С одной стороны, неупотребление местоимения ’я’ может вписываться в образ неформальной, бегло-разговорной речи, уместной при тесном и непосредственном контакте между партнерами: Вернусь поздно; Не знаю; Увижу — передам. С другой — тот же прием может вписываться и вносить свой вклад в создание ораторски-торжественного, приподнятого, патетического тона: Истинно говорю вам… (формула обращения Христа к ученикам в русском тексте Евангелия); Проклинаю вовеки веков (слова Степана Трофимовича Верховенского в «Бесах», обращенные к сыну); Не могу молчать. В ситуации официальных радио- и телефонных коммуникаций этот же фразовый контур производит впечатление жесткой, прагматически ориентированной, «деловитой» экономности речи: Слышу вас хорошо; Продолжаю наблюдения. Наконец, в контексте личного письма этот прием вносит то сочетание непосредственности и вместе с тем формульной отточенности, которое характерно для эпистолярного стиля: Обращаюсь к тебе вот по какому случаю; Хочу рассказать о том, что у нас недавно случилось; Буду ждать от тебя вестей с нетерпением.
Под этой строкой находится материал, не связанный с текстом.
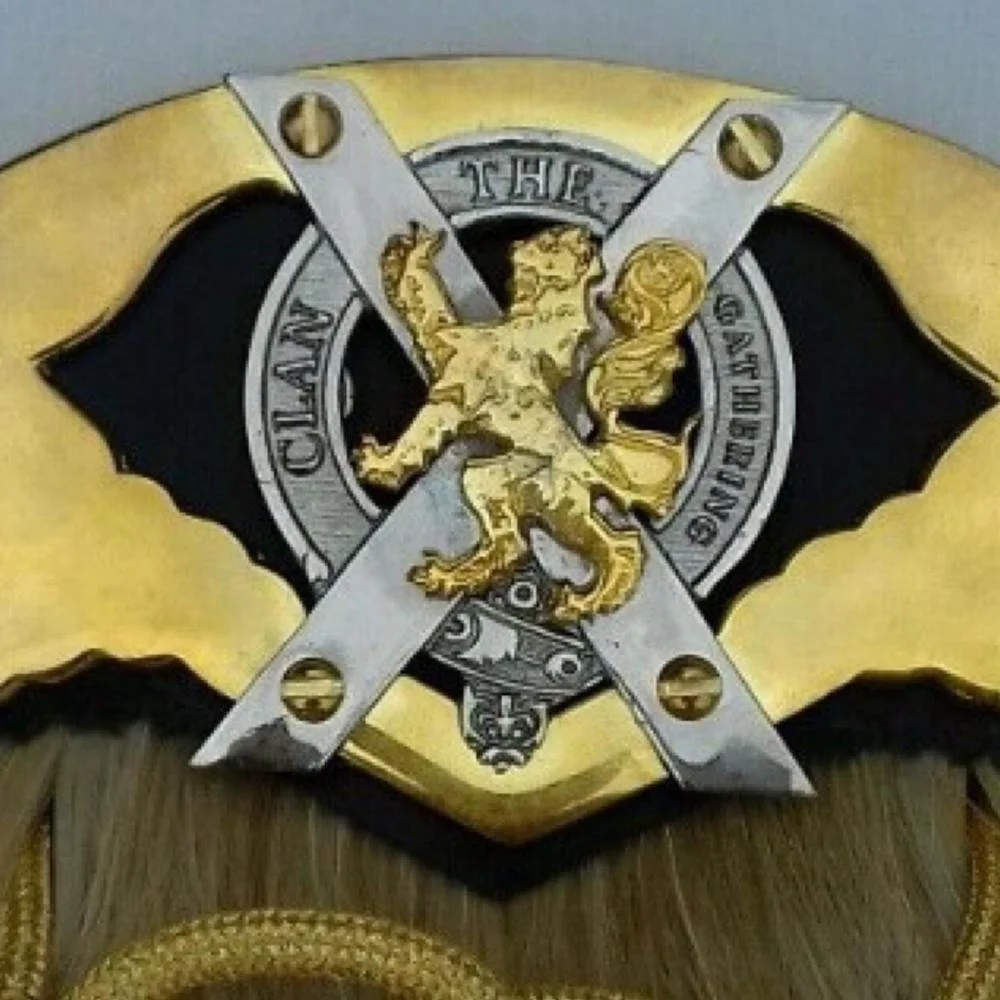 CLAN THE  GATHERING Long Horse Hair Sporran With Brass Cattle 6 Teasels Metal Badge Sporran Bag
Каждая из названных ситуаций создает особое смысловое пространство, в котором тождественный с чисто формальной точки зрения языковой «прием» предстает в совершенно ином свете[181]. Один и тот же фразовый контур погружается каждый раз в иную среду, а значит, включается в иные перспективы, иную сеть ассоциативных ходов, иные ожидания, в силу чего в нем высвечиваются черты, укорененные именно в данной среде. Коммуникативное пространство неформального и непосредственного «разговорного» общения приводит в движение соответствующие ей апеллятивные и эмоциональные механизмы, жанровые представления, ассоциативные ресурсы — все это в симбиозе, различные аспекты которого сами говорящие едва ли были бы способны выделить и осознать, но который они непосредственно переживают в качестве своего коммуникативного самоощущения. Любая конкретная языковая черта высказывания воспринимается в этом пространстве с точки зрения того, какой вклад она вносит в создание и поддержание интимно-непринужденных языковых отношений, основанных на молчаливом предположении — не обязательно соответствующем действительности, — что многое в содержании коммуникации «само собой понятно» ее участникам. В этом коммуникативном пространстве подразумевание субъекта воспринимается как преднамеренное пренебрежение грамматическими и риторическими «формальностями», подчеркивающее раскованность общения, непосредственность контакта между говорящими и ту степень их взаимного доверия и понимания, которая делает такую эллиптичность выражения возможной. Но в патетически-ораторском коммуникативном пространстве тот же контур высказывания, будучи погружен в представлении говорящих в совершенно иную мысленную среду, принимает иной облик, вызывающий иную реакцию и иные ассоциации. На ум приходят аналогии с «республиканским» ораторским стилем древнего Рима и библейской риторикой либо их бесчисленными подражаниями в поэзии, драме, публицистике нового времени. В этом пространстве отсутствие местоимения вызывает образ суровой краткости, лаконической энергии, ритмической остроты, «гранитной» отточенности стиля, отсекающего всяческие избыточные «округления».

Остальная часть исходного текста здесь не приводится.